Случается в США слышать, а в российской прессе читать такие споры и такие доводы, что начинаешь опасаться за свой рассудок. История ничему и никого не учит, давно известно, но среди бела дня отрицают и науку, и технику пользующиеся завоеваниями науки и техники. По американскому телевидению один спрошеный недавно заявил, что в эволюцию не верит, а на вопрос, пойдет ли он к знахарю, который подобно ему Дарвина не признает, или же к врачу, который получил диплом, теорию Дарвина изучая, ответил: «Конечно, к врачу». И по глазам было видно, человек не осознает, что противоречит самому себе.

Такие массовые психозы в литературе называются историческим бредом. Но одно дело о катастрофических ситуациях читать, другое – видеть своими глазами и слышать своими ушами. Войну и бомбежки вспоминать не стану. Не буду вспоминать и сталинских похорон, рядом с нашим домом на Пушкинской, когда я уцелел только потому, что едва высунулся из нашего парадного, как меня человеческим шквалом ударило о грузовик и забросило назад, в парадное, больше уж я не делал попыток высунуться.
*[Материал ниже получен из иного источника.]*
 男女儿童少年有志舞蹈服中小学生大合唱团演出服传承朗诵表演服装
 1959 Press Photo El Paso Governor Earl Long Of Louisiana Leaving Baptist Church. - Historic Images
Но вот мы попали в шторм, когда морем доставляли в Англию лошадей, с тех пор каждый раз, если вижу картины маринистов, как Айвазовский, или читаю «Прощай, свободная стихия…», к видениям играющих волн на полотне и в поэзии, добавляются строки из путевых заметок Диккенса: в качку нельзя понять, где пол – где потолок. Потому добавляются – испытал. Вместе с образцовыми описаниями перед глазами у меня возникает дыбом, до неба, встающая палуба, и память обжигает мысль о том, что трех лошадей у нас закачало – не довезли. Потонуть мы не потонули, и не могли, пожалуй, потонуть, но нагляделись и – понесли потери, положим, лишь среди лошадей, а всё же незабываемо-поучительно. Как сказал поэт, «жаль рыжих, не увидевших земли», а что если сам в общем потоке попадешь в число потерь?

Если люди растерялись, то растерявшиеся часто начинают бредить, сказал философ. Так что не дай Бог попасться на дороге тем, кто, объятые страхом, готовы, подобно стаду, броситься в пропасть, сметая все на своем пути и увлекая тех, кто лететь, очертя голову, не собирался. А что до лошадей, иностранных и наших, повезло: такие, как Саввич и Асигрит Иваныч, отучили попусту, дела не зная, молоть языком. Однажды я восхитился «Прекрасная лошадь!», однако знатоки меня осадили: «Ты об этом судить не можешь».